XQuerying the medieval Dubrovnik

Address of this page:
http://www.ffzg.unizg.hr/klafil/dokuwiki/doku.php/z:dubrovnik-xquery

Neven Jovanović
neven.jovanovic "at symbol" ffzg.hr
Department of Classical Philology, Faculty of Humanities and Social Sciences, University of Zagreb

The Linked TEI: Text Encoding in the Web
TEI Conference and Members Meeting 2013: October 2-5, Rome (Italy)

Demonstration site: solr.ffzg.hr/dbk-ref/.

Football Ghetto

Abstract

Dubrovnik - 12

To anyone with the time and patience to study the voluminous Acta consiliorum [of Dubrovnik / Ragusa], they afford an opportunity to observe the extraordinarily well-preserved spectacle of a medieval town in action.

The archival series of decisions and deliberations made by the three administrative councils of Dubrovnik consist of hundreds of handwritten volumes, predominantly in Latin and still not published in its entirety, spanning the period from 1301 until 1808 (the year the Republic of Ragusa was abolished by Napoleon’s Marshal Auguste de Marmont). [1]

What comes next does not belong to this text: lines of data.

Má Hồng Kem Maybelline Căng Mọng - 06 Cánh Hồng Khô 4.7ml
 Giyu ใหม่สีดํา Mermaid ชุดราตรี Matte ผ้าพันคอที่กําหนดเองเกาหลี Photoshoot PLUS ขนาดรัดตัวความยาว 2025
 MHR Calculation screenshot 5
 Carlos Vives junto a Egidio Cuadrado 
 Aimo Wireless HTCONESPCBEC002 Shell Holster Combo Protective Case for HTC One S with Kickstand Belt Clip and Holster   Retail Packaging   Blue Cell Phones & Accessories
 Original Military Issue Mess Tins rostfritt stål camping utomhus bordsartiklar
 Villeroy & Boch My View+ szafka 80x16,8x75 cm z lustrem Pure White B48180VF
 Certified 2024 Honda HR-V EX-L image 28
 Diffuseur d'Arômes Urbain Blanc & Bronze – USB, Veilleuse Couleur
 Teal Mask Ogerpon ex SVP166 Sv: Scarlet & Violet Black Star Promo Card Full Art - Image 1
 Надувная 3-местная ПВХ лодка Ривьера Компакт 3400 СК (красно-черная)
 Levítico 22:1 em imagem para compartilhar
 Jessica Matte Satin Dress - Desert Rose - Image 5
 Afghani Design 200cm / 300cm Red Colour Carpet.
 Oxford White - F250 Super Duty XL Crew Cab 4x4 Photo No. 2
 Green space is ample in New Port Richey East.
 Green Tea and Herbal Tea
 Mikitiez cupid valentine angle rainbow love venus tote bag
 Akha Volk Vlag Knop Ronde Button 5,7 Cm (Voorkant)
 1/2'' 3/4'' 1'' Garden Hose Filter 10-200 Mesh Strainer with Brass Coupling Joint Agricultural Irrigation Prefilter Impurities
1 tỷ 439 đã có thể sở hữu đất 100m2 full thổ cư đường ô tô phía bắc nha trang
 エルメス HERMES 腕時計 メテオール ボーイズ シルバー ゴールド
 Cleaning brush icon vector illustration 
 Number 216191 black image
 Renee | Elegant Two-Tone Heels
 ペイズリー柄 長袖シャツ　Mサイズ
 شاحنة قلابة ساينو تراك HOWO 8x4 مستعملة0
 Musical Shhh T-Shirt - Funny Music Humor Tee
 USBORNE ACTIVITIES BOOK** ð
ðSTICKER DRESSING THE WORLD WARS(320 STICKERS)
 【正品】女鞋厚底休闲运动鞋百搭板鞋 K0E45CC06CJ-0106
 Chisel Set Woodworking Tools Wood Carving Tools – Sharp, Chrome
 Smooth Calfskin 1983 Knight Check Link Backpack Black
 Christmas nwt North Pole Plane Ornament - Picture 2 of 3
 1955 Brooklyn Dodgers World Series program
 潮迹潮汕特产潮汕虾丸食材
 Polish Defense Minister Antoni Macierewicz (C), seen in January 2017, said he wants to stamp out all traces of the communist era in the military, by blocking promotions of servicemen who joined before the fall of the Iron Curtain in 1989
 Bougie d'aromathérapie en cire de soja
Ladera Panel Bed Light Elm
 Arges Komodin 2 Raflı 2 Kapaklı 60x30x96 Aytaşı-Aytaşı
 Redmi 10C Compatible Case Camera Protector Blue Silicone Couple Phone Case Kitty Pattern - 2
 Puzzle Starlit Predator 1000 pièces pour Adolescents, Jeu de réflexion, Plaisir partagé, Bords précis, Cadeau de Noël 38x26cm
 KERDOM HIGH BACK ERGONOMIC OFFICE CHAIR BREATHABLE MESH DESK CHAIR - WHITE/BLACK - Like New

In collaboration with Croatian Academy of Sciences and Arts, Institute of Historical Sciences – Dubrovnik, which is the current publisher of the series Monumenta historica Ragusina (MHR), we have undertaken a pilot project of converting to TEI XML the Volume 6 of MHR. The volume publishes the so-called Reformationes of Dubrovnik councils from the years 1390-1392; it was edited by Nella Lonza and Zdravko Šundrica in 2005 [2]. In this text, different salient points of the Reformationes (meetings, names of persons and places, dates, values and measures, themes, textual annotations) are being marked and the markup decisions are carefully documented, all with the twofold intention of, first, enabling XQuery searches of the Reformationes through the BaseX database [3] not just by us, but by other users, and, second, preparing the documentation for further encoding of other MHR volumes (producing of a “MHR in XML” data set we see as a necessary, but necessarily extensive task).

The small city of Dubrovnik and its relatively closed, but well-documented society were already subjected to a database-driven research project, carried out in 2000 by David Rheubottom (then at the University of Manchester), who used archival records to examine the relationship between kinship, marriage, and political change in Dubrovnik’s elite over a fifty-year period, from 1440 to 1490 [4]. But where Rheubottom, relying on classical relational database, extracted records from original text, abstracting data from words [5], we intend to use the advantages of XML to interpret not only data, but its relationship with the words (enabling also research of e. g. the administrative formulaic language). Where Rheubottom built his database to explore one set of problems over a limited time series, we intend to make it possible for different researchers to pursue their different interests in the framework which could, eventually, embrace all recorded decisions from 500 years of Dubrovnik’s history. Last but not least, Rheubottom’s database remained unpublished — his interpretations were published as a printed book; today we have the possibility to publish (or, to open access to) not only the TEI XML annotated version of the MHR 6, but also the documentation of our encoding principles, as well as the XQueries which we find useful or interesting. Publishing the XQueries makes our research repeatable and reproducible [6]; presenting them in a graded, logically organized way, from the simplest and easiest to more complex and difficult, ensures their educational value.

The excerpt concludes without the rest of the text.